Top of THE INPUT

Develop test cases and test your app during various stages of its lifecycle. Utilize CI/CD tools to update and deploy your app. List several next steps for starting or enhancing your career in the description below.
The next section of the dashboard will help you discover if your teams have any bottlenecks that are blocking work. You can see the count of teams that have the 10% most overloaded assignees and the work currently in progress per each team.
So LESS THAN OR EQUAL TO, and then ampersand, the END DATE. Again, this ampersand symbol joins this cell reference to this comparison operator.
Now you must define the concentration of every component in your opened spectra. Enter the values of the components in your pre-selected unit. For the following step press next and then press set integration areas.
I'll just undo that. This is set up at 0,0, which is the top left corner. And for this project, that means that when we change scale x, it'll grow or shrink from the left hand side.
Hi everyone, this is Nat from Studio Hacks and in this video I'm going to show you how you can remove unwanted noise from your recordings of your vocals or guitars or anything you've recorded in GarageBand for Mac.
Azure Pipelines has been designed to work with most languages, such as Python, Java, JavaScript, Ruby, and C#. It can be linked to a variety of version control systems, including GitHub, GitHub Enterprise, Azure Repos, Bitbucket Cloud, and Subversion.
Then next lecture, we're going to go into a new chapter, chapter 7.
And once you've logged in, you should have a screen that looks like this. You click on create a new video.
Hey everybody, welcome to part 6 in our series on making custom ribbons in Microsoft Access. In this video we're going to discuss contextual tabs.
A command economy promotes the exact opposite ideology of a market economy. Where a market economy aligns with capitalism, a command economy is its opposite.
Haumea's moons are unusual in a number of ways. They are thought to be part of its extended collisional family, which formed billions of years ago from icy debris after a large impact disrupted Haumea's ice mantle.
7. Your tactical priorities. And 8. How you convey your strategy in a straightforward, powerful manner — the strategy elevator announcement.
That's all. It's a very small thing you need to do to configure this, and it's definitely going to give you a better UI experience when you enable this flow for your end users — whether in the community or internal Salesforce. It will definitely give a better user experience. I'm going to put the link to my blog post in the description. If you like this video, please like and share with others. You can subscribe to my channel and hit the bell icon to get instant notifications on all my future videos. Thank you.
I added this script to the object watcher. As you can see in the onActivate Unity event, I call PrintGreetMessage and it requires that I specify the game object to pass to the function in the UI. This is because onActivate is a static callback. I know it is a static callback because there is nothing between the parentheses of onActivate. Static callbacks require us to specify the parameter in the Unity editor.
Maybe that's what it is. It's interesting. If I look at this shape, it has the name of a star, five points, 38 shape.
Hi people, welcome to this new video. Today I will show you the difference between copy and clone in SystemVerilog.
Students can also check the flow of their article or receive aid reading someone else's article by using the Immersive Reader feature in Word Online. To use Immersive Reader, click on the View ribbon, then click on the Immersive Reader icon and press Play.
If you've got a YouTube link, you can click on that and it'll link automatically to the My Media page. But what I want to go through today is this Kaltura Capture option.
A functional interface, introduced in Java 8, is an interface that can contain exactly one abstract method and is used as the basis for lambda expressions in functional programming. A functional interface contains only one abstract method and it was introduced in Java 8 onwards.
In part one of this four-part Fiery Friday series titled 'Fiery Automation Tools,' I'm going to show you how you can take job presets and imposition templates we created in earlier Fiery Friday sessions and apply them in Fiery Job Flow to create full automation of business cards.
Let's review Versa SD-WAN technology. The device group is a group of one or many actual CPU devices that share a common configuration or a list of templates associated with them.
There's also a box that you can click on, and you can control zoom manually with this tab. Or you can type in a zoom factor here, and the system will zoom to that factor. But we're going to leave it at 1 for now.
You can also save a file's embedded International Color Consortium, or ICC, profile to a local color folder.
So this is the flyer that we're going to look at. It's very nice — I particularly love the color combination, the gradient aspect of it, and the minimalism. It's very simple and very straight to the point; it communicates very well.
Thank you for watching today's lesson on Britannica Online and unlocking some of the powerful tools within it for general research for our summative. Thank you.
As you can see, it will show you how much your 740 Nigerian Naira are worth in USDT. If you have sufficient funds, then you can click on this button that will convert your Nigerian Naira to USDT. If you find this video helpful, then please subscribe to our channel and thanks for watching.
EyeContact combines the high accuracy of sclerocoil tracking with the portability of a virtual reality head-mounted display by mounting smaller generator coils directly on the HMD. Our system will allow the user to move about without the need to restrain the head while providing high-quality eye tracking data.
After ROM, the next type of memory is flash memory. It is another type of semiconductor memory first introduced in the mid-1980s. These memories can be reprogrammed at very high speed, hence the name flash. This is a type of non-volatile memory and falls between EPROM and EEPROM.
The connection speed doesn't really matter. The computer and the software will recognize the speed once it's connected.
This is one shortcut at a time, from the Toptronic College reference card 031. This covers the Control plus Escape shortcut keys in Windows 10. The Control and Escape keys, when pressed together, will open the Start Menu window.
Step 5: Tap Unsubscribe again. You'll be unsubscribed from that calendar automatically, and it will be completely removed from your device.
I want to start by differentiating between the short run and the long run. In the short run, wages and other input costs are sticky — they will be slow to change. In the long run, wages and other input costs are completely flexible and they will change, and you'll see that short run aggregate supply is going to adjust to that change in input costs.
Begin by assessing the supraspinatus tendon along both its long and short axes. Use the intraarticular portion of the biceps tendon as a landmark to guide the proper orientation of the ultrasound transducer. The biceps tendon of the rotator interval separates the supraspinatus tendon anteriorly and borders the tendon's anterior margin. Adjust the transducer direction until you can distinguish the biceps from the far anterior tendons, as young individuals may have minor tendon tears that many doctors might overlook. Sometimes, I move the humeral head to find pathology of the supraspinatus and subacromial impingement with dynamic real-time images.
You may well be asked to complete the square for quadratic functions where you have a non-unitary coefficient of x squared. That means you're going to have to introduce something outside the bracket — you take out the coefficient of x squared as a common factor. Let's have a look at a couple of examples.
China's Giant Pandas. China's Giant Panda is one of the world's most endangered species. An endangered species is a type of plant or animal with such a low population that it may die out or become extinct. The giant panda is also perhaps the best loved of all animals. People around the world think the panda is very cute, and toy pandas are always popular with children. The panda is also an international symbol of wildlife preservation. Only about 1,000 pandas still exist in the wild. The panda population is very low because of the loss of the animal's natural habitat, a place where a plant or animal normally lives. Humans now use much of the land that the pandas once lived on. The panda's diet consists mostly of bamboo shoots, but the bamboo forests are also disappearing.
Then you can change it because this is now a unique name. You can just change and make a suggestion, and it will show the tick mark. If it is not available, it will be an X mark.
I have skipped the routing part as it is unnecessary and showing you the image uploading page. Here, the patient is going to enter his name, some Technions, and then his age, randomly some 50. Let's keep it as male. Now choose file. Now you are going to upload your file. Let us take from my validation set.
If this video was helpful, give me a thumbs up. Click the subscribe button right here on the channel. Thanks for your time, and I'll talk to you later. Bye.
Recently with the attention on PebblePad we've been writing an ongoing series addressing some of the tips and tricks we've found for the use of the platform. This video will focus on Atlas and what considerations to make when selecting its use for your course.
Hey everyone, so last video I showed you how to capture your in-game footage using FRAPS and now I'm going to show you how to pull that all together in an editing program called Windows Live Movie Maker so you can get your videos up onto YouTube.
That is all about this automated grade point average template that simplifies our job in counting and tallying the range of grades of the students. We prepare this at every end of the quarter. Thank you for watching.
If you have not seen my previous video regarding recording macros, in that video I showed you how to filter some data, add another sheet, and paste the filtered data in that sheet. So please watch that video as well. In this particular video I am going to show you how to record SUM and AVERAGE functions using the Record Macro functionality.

Bottom of THE INPUT

- **EXERCISE**
Beginning with the very first line of the records above, please retype each line through the one that has "Now you must", and add nothing.

- **EXERCISE OUTPUT**
Develop test cases and test your app during various stages of its lifecycle. Utilize CI/CD tools to update and deploy your app. List several next steps for starting or enhancing your career in the description below.
The next section of the dashboard will help you discover if your teams have any bottlenecks that are blocking work. You can see the count of teams that have the 10% most overloaded assignees and the work currently in progress per each team.
So LESS THAN OR EQUAL TO, and then ampersand, the END DATE. Again, this ampersand symbol joins this cell reference to this comparison operator.
Now you must define the concentration of every component in your opened spectra. Enter the values of the components in your pre-selected unit. For the following step press next and then press set integration areas.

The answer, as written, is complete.